Beginning with the line that contains "Echeveria ‘Crispate Beauty’", restate each line below through the final one exactly, and exclude the pictures.

[Short web captions]
******************************
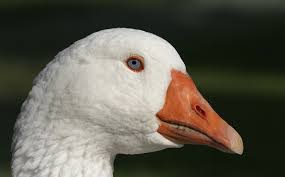 Attēlu rezultāti vaicājumam “Anser anser”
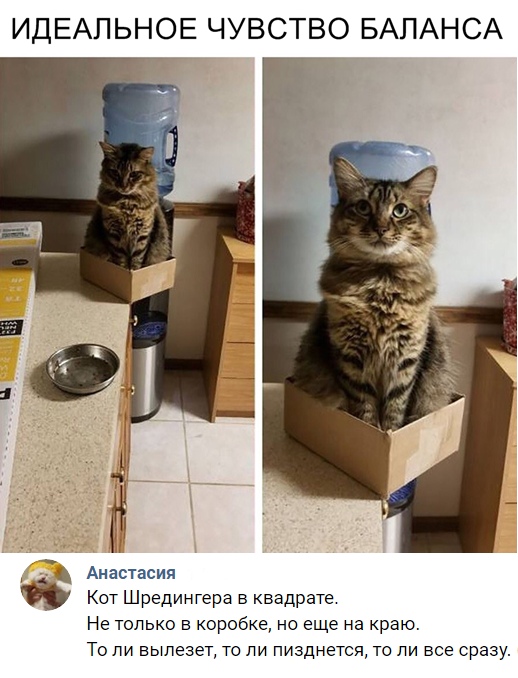 Немного милоты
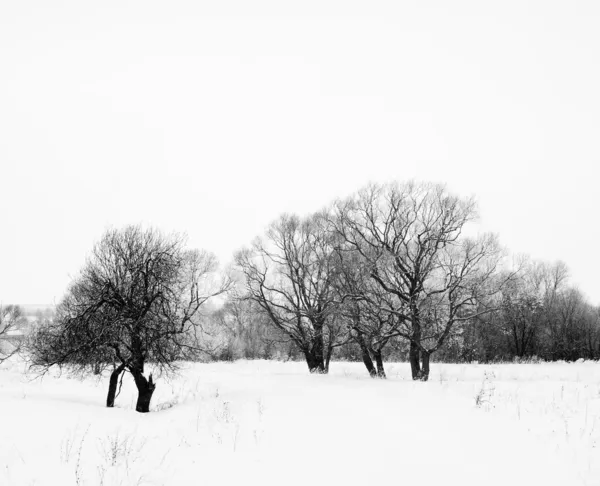 Paesaggio nebbioso invernale con alberi nella neve — Foto Stock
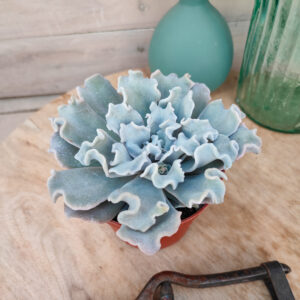 Echeveria ‘Crispate Beauty’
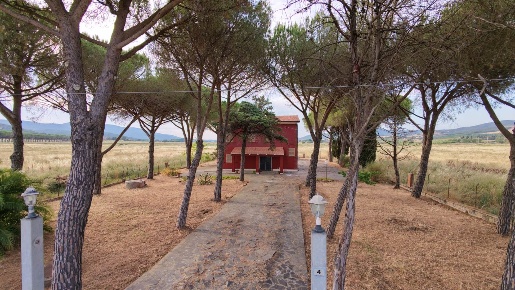 Foto Rustico a Orbetello di 165 m² con 10 locali in vendita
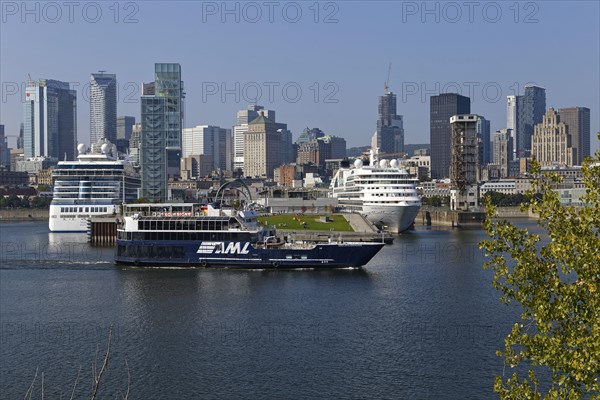 Cruise ships in the Old Port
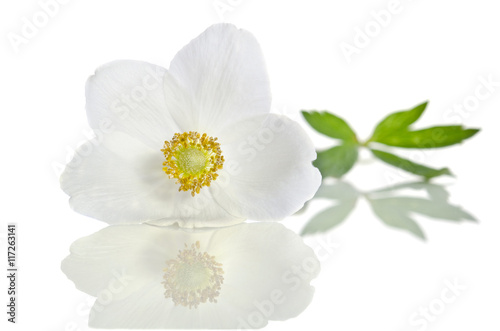 White flower anemone isolated on white background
******************************
Worked solution
 Echeveria ‘Crispate Beauty’
 Foto Rustico a Orbetello di 165 m² con 10 locali in vendita
 Cruise ships in the Old Port
 White flower anemone isolated on white background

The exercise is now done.